BugRoger / nvidia-exporter

Prometheus Exporter for NVIDIA GPUs using NVML
Apache License 2.0
73 stars 23 forks source link

Failed to collect metrics: could not load NVML library #1

Open zh168654 opened 6 years ago

zh168654 commented 6 years ago

This is my deployment:

apiVersion: apps/v1beta1
kind: Deployment

metadata:
  name: nvidia-exporter
  namespace: monitoring
spec:
  replicas: 1
  strategy:
    type: Recreate
  template:
    metadata:
      labels:
        app: nvidia-exporter
    spec:
      containers:
        - name: nvidia-exporter
          securityContext:
            privileged: true
          image: bugroger/nvidia-exporter:latest
          imagePullPolicy: IfNotPresent
          ports:
            - containerPort: 9401
          volumeMounts:
            - mountPath: /usr/local/nvidia
              name: nvidia
      volumes:
        - name: nvidia
          hostPath:
            path: /home/zy/cuda

when I exec into nvidia-exporter and run

ls /usr/local/nvidia/lib64

there exists libnvidia-ml.so.1\ But the container logs always show

Failed to collect metrics: could not load NVML library

Cherishty commented 5 years ago

@zh168654 have you find any workaround or clues? I am facing a similar error which says:

Failed to collect metrics: nvml: Not Supported

My Driver Version is : 390.59, GPU is Tesla K80.

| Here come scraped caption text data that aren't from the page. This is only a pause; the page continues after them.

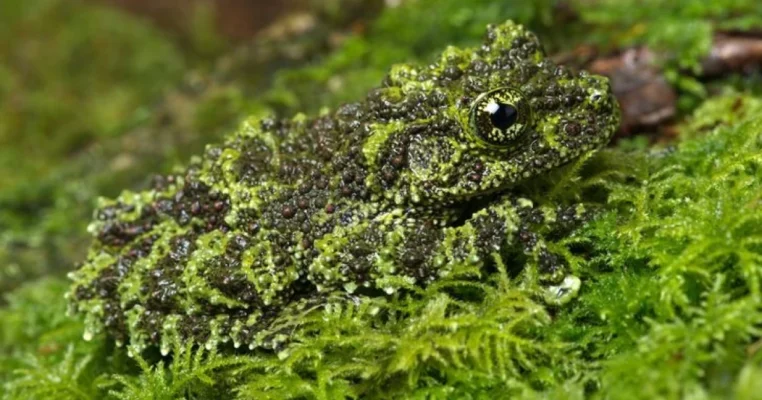 Ngụy trang là gì, thực hiện như thế nào?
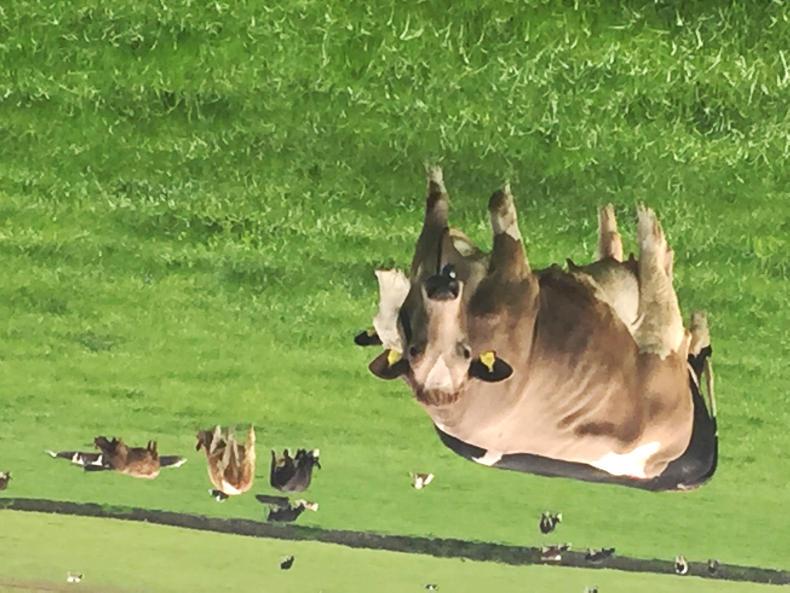 Reversing the robot trend in Dumfries Reversing the robot trend in Dumfries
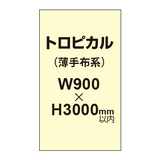 トロピカル （薄手布系）【W900?H3000mm以内】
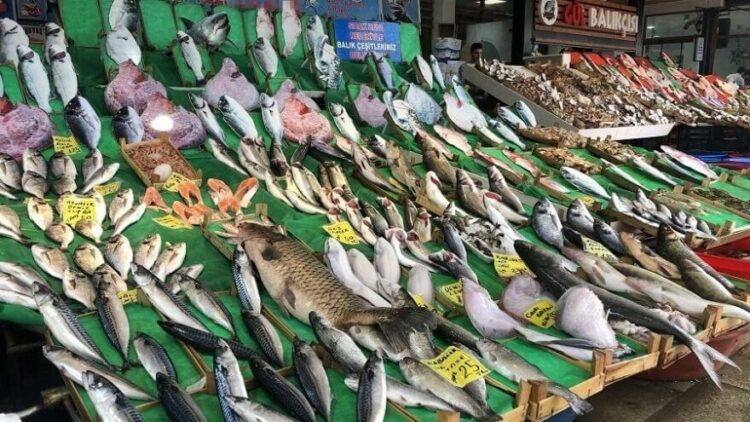 Dolara özendi! Rekor seviyeye ulaştı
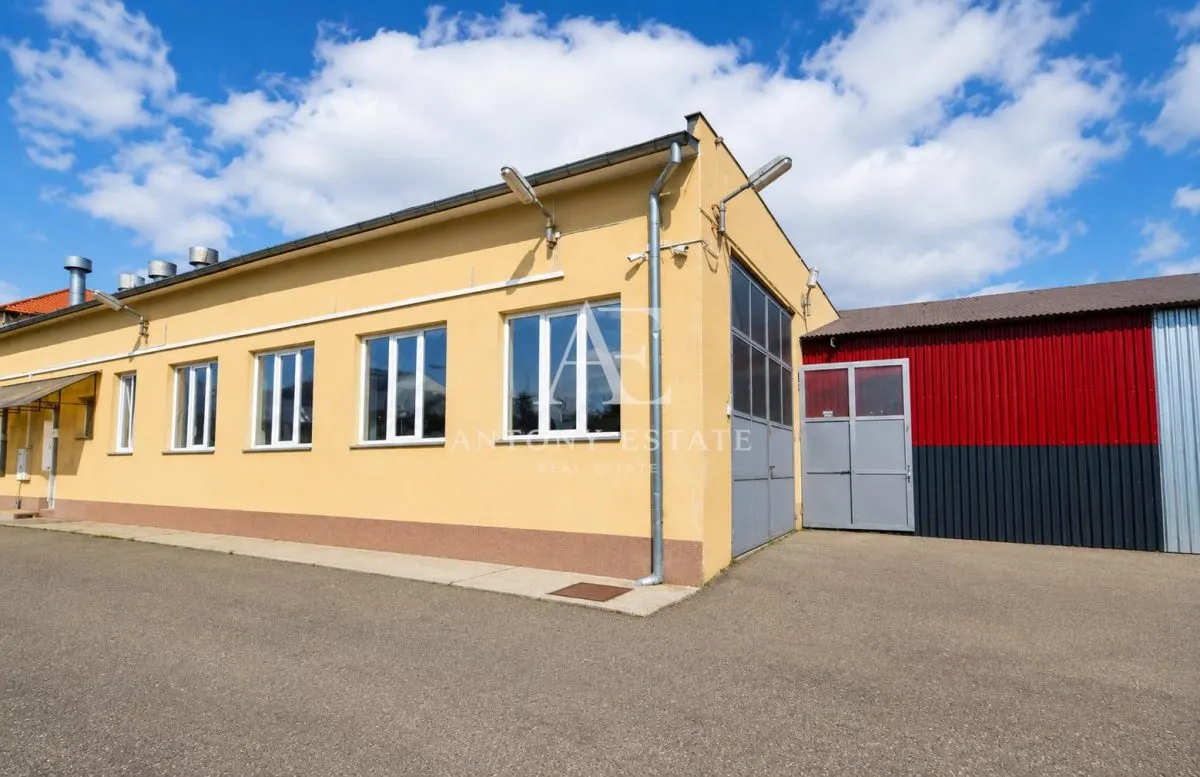 Antony Estate | Spatiu Comercial de inchiriat, Zona Ultracentrala, Oradea - foto 1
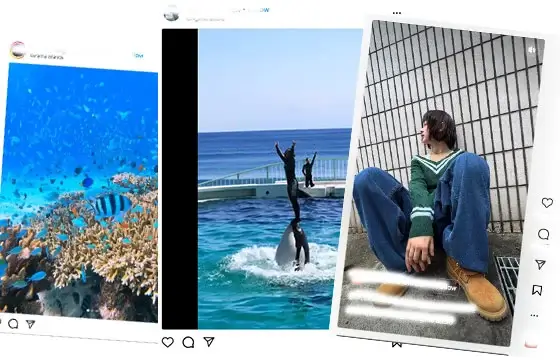 Λήπτης Reels Instagram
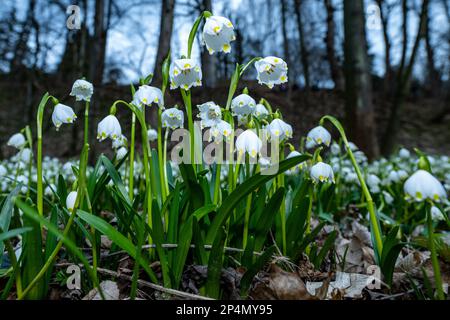 Rychnov nad Kneznou, Repubblica Ceca. 06th Mar, 2023. Leucojum vernum, il fiocco di neve di primavera, fiorito in giardino vicino a Chateau in Kostelec nad Orlici, Repubblica Ceca il 6 marzo 2023. Credit: David Tanecek/CTK Photo/Alamy Live News Foto Stock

While this error does NOT occur on other env whose GPU is GTX 1080

SjhZju commented 5 years ago

hi,

@zh168654 have you find any workaround or clues? I am facing a similar error which says:

Failed to collect metrics: nvml: Not Supported

My Driver Version is : 390.59, GPU is Tesla K80.

While this error does NOT occur on other env whose GPU is GTX 1080

hi, I have the same problem. I think it is the reason why exporter can not get metrics. My Driver Version is 390.48, with two GTX 980. Server Os is Ubuntu 16.04

bmerry commented 2 years ago

I'm running into the same problem. I suspect it's because the Docker image is built with Alpine (and hence musl libc) while Nvidia's NVML library (libnvidia-ml.so) depends on glibc.